I could use this data for counting 5 on 3 and power-play situations, but I stuck to my older code use penalties to determine when the 5 on 3 situations occur, I will likely convert to using the shift data to determine these events, but at this time this works better. So now I have: every second a player is on the ice and the number of players on the ice for each team. I can easily combine them in anyway to determine how much 5 on 3 time an individual received, or how often a line played together as a percent of each individual or just as an aggregate. In this study, I choose to only look at two players together [Displaying the information for three players would be complicated]

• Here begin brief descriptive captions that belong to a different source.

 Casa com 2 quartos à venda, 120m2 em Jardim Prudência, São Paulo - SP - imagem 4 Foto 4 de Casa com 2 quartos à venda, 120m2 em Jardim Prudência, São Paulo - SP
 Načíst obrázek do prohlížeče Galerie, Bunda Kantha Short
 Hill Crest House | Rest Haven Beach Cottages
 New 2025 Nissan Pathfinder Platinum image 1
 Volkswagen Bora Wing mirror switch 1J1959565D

Example*: Jovanovski and Naslund. Naslund was one of the Canucks leaders in terms of minutes played on the power-play, but the top power-play unit struggled in the second half of the season. Was this random, or was this a function of a larger problem? Naslund spent 46% of his power-play time with Jovanovski (who missed half the season); however, Naslund had 61% of the power-play goals scored with Jovanovski, meaning in 54%, the rest of the time, he got only 39% of the goals. However in the other direction: Jovanovski who spent 243 minutes on the power-play spent 84% of his time with Naslund, got 96% of his goals with Naslund, that is quite a tandem!

What the above example shows is two players who help each other both do better when they are together. There are many examples where the benefits only go one way, or both hurt each other, what’s useful about the above example is the fact that these two spent well over 200 minutes together so the statistics are reasonably accurate. As an aside, statistics like this make me nervous about the new season as a Canucks fan.

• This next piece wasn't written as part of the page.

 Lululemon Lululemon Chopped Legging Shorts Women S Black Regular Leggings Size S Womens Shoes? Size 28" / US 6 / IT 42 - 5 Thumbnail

Just as I did with the example above the same calculations can be done with every player. Some players will make every player they play with do better, other will make all players do worse; these players will likely lead or “drag down” the team statistically as well, although this may not be the case, for example, if the player spends a lot of time with bad players he wont be able to make a big enough different to improve his individual statistics. Below is the data for both the Canucks and Oilers, I will explain the consequences in regards to lost players in future posts.

The Data

Edmonton: PP SH EV
Canucks: PP SH EV

  • Time% - this represents the percentage of the player on the lefts time these player were together.
  • +% - this represents the percentage of the player on the lefts goals for that are scored with that player on the ice
  • -% - this represents the percentage of the player on the lefts goals against that are scored with that player on the ice
  • +R - +%/Time%
  • -R - -%/Time%
  • Time measured in seconds.

So basically how this works is each player plays with certain players a certain amount (these percentages are displayed across the table) and also gets a certain number of goals with these players (also displayed as a percentage across the table). Now across the table, it’s a zero sum game, for example, if you do better with one player, you have to do worse with someone else, but this person could be off the table due to lack of minutes played. The really useful information comes from looking down the columns. While a player will do better or worse along the table, down the columns they can in fact do better with every player. Take more notice of higher Time%’s as they have more relevance, playing 20 power-play minutes together isn’t very statistically significant, so doing better with 60% means a lot more than doing better with 15% of the time. The tables are colour coded for easy reading.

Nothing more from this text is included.